* Extracted material:
........

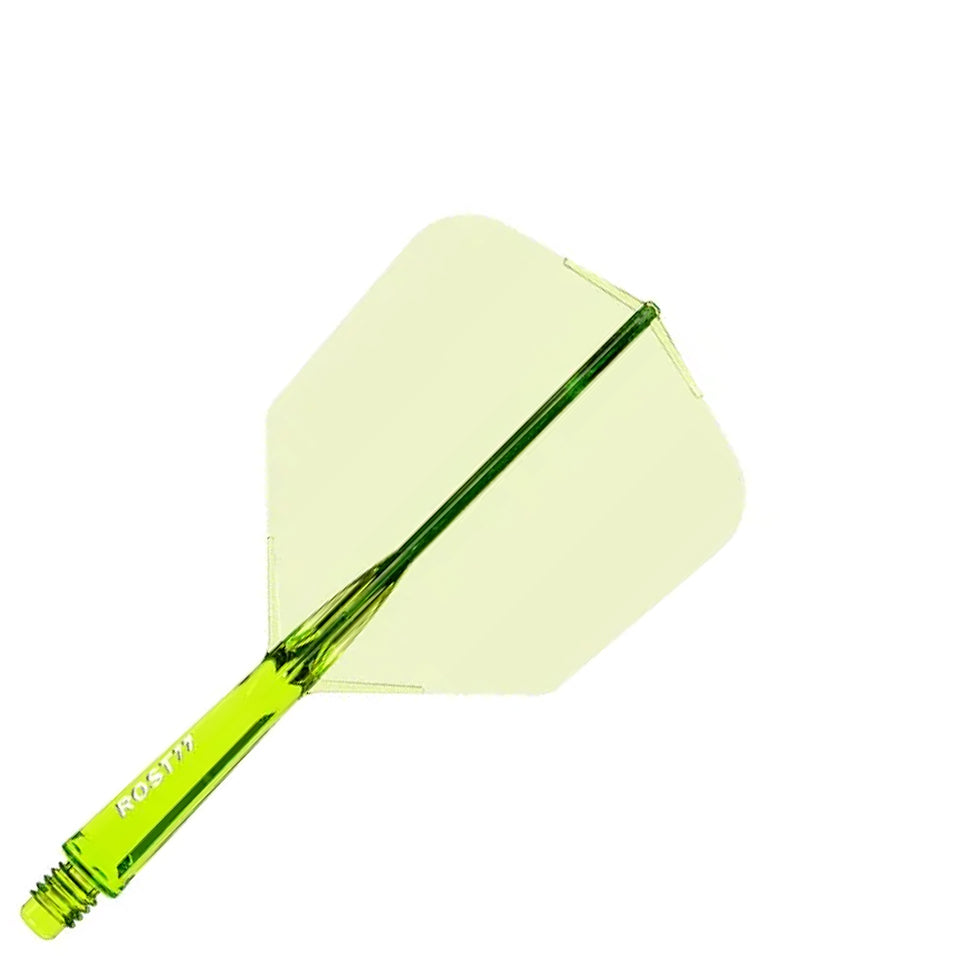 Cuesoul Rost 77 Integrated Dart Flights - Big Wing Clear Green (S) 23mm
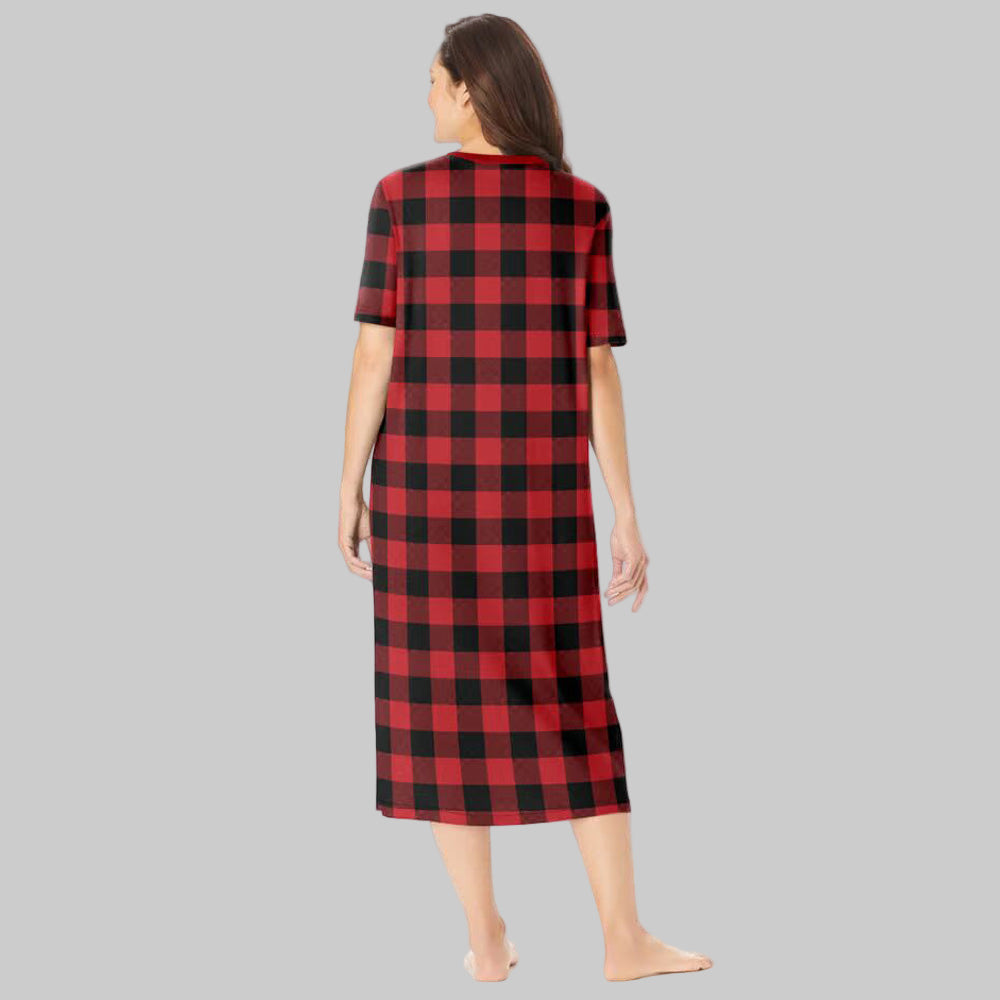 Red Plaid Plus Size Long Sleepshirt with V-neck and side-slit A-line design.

........

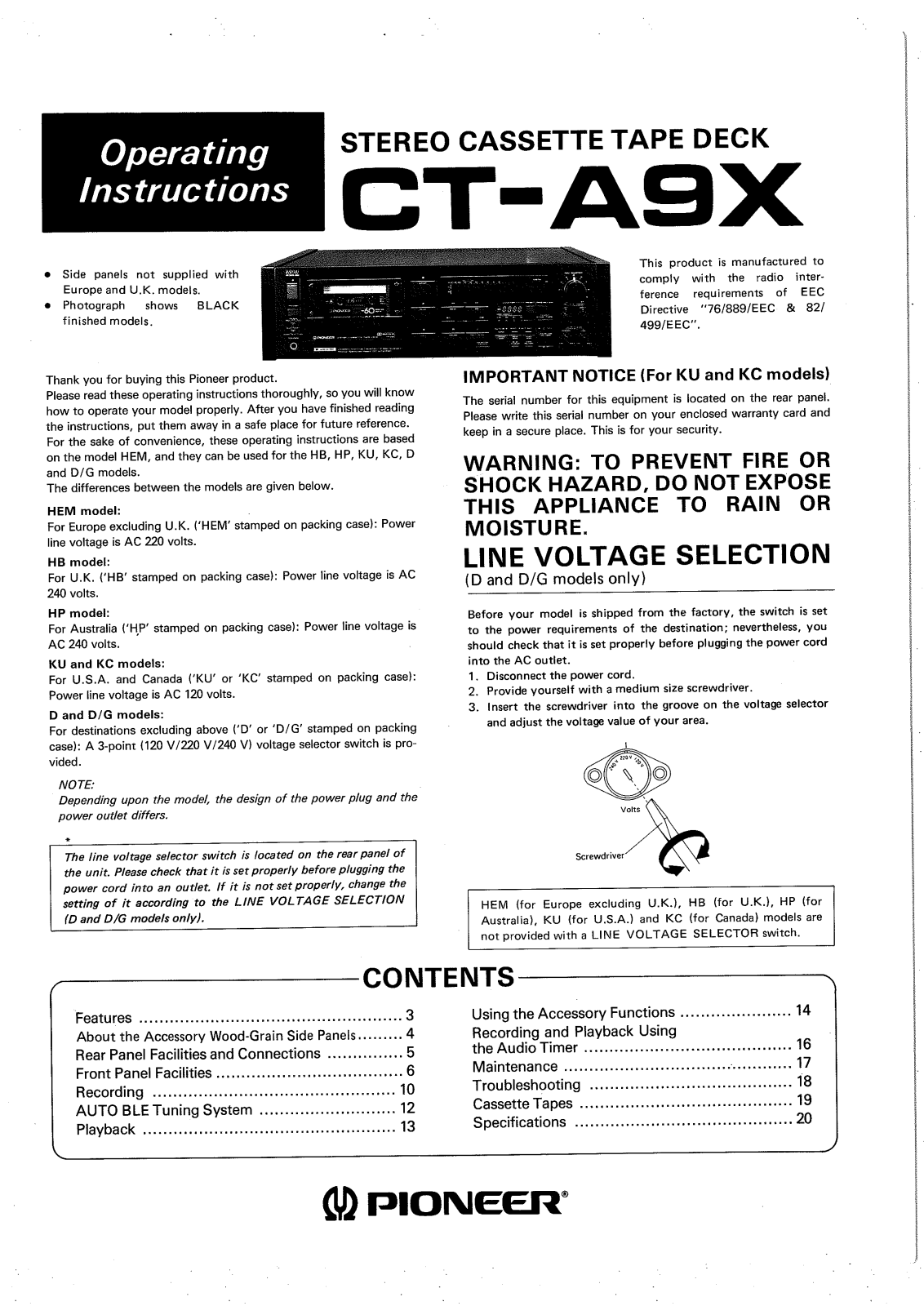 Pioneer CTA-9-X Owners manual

........

* Task: Given the listing above, retype only the span of lines from the line with "Cuesoul Rost 77" up to and including the line with "Red Plaid Plus", exactly as it stands and without pictures.

* Final answer:
 Cuesoul Rost 77 Integrated Dart Flights - Big Wing Clear Green (S) 23mm
 Red Plaid Plus Size Long Sleepshirt with V-neck and side-slit A-line design.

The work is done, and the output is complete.